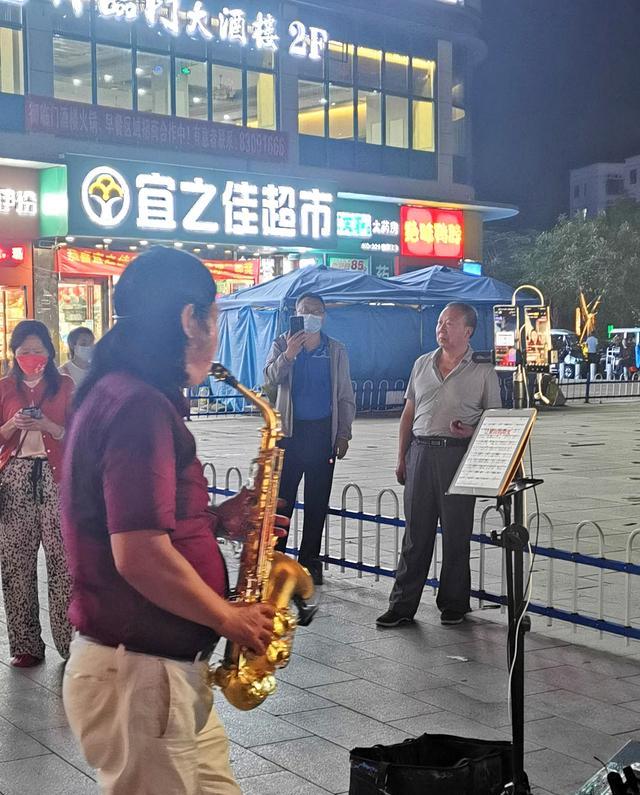 山西省|海南陵水夜游去哪？这里是清水湾第一个购物中心，老人活得有激情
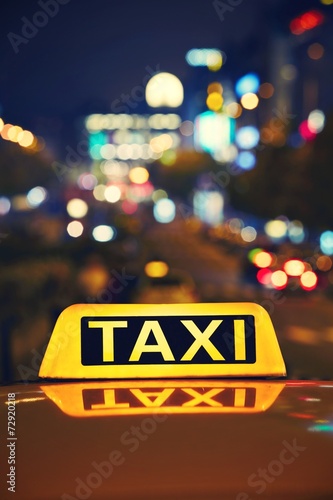 Obraz na plátně Taxi at night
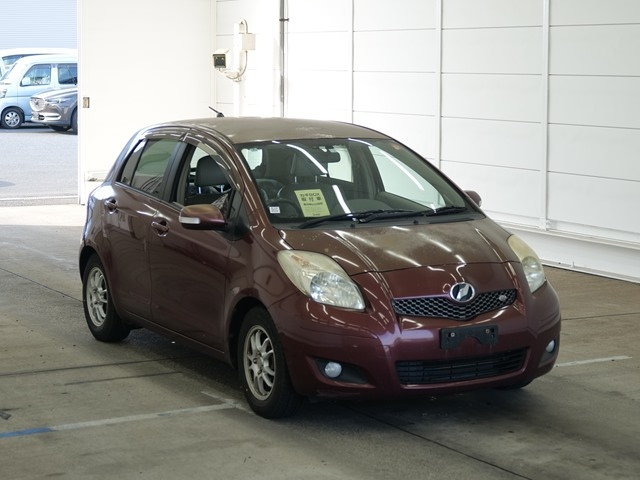 TOYOTA VITZ — фото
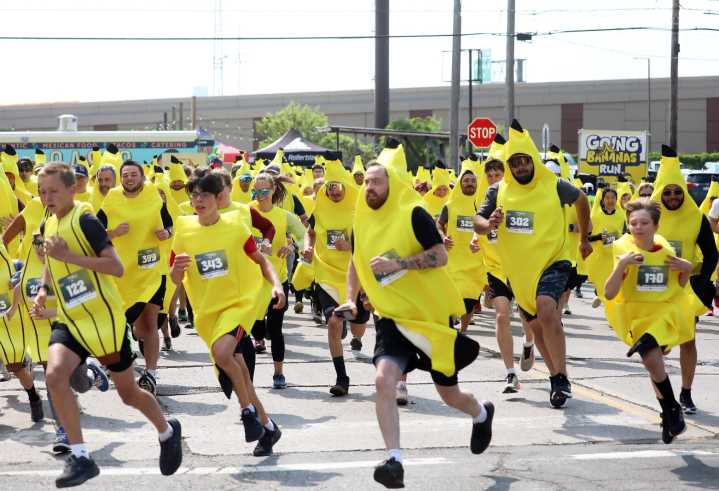 Photos and video: Fun-runners go bananas in Duluth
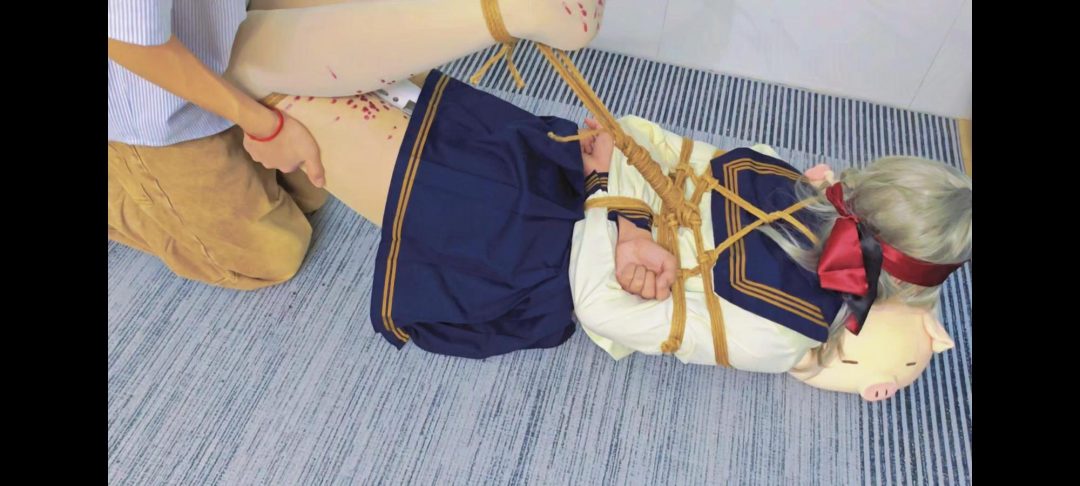 虐M记·M沉迷美色不务正业 被狠狠调教-4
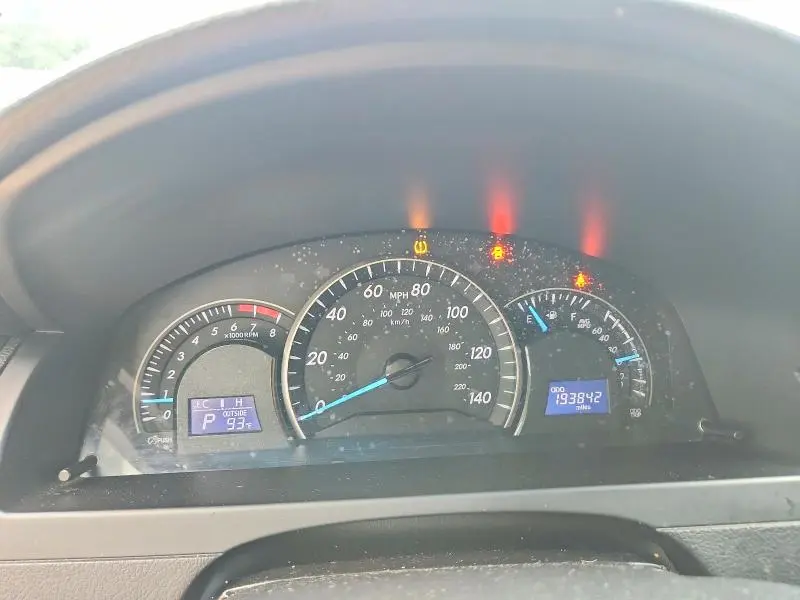 2015 TOYOTA CAMRY LE  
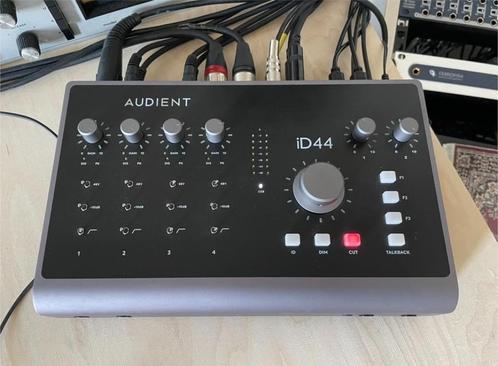 Audient ID44 mk2, Audio, Tv en Foto, Professionele Audio-, Tv- en Video-apparatuur, Zo goed als nieuw, Audio, Ophalen of Verzenden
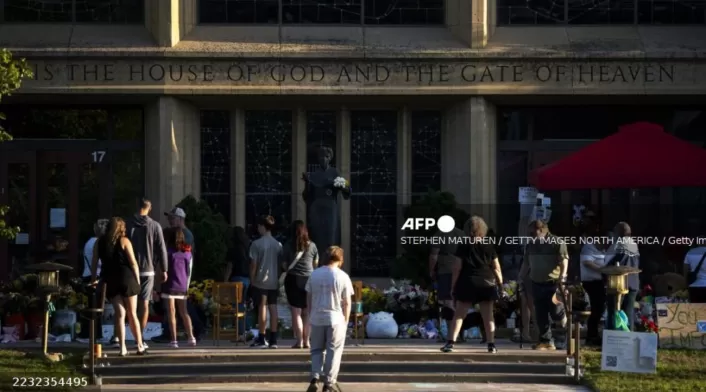 Tragedia en Minneapolis: Dos niños muertos y 17 heridos en tiroteo en iglesia. Investigación de terrorismo doméstico en curso. Tragedia en Minneapolis: Dos niños muertos y 17 heridos en tiroteo en iglesia. Investigación de terrorismo doméstico en curso.
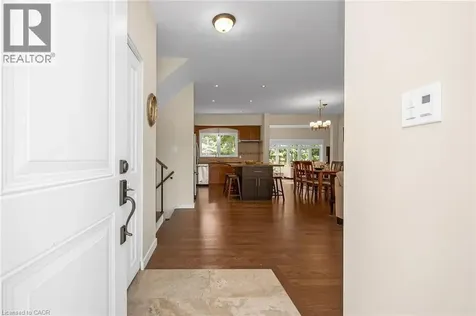 285 Surrey Drive Oakville ON L6L 3T6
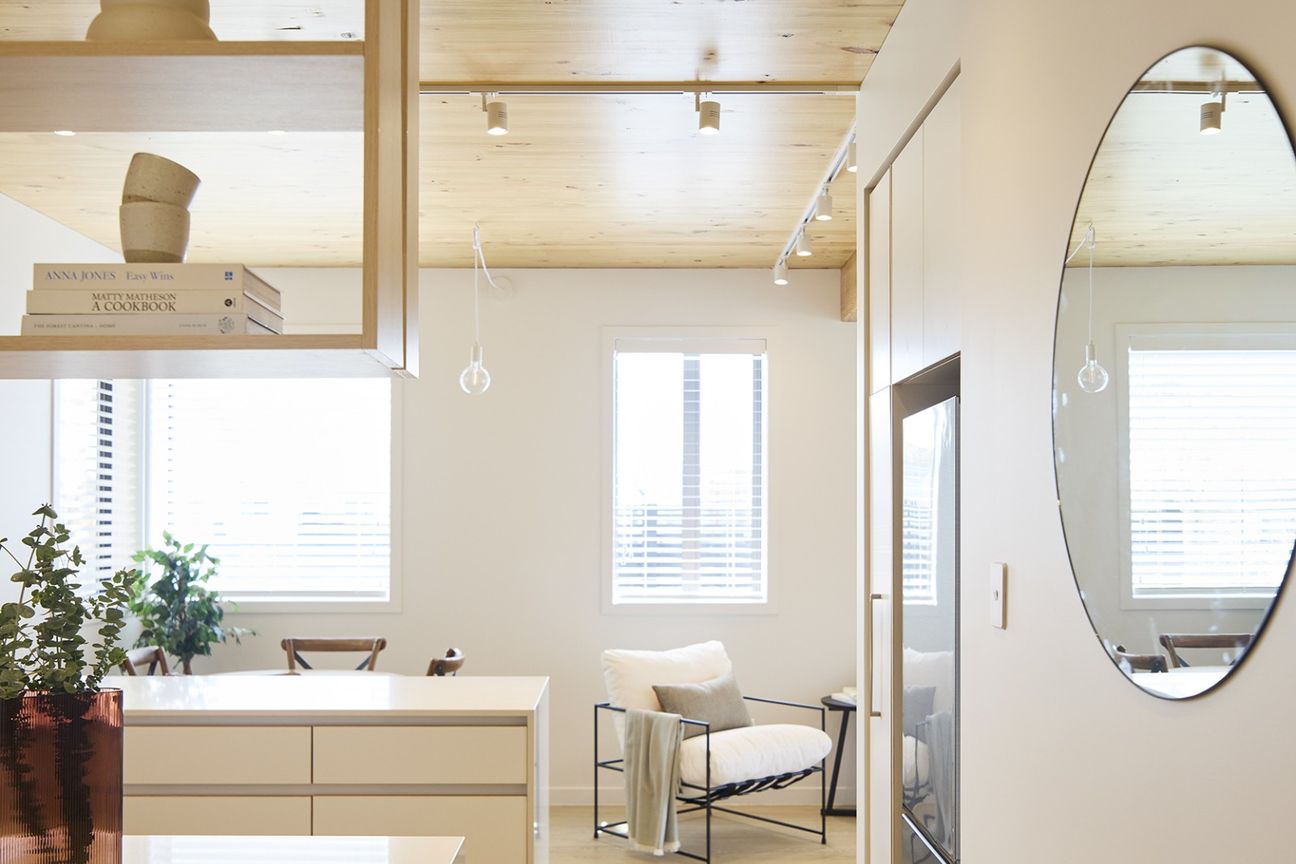 Top-Floor Living, All-Day Sun! - Vista 5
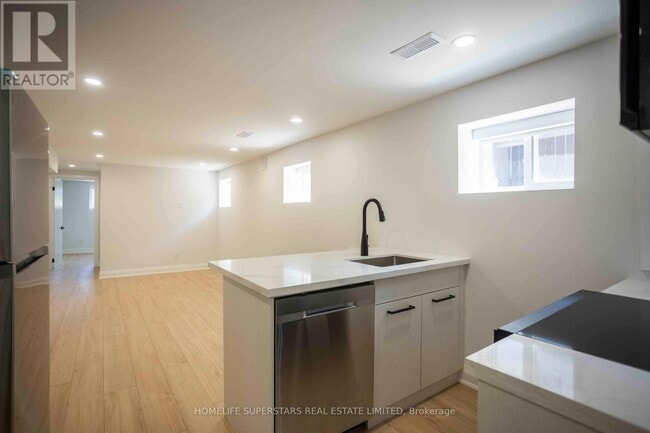 Building Photo - 15 Shademaster Ct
================
Task to complete
Exact copy required, pictures excluded: the lines from the one holding "Top-Floor Living, All-Day Sun! - Vista 5" through the last line of the data, both ends included.

Answer for the task
 Top-Floor Living, All-Day Sun! - Vista 5
 Building Photo - 15 Shademaster Ct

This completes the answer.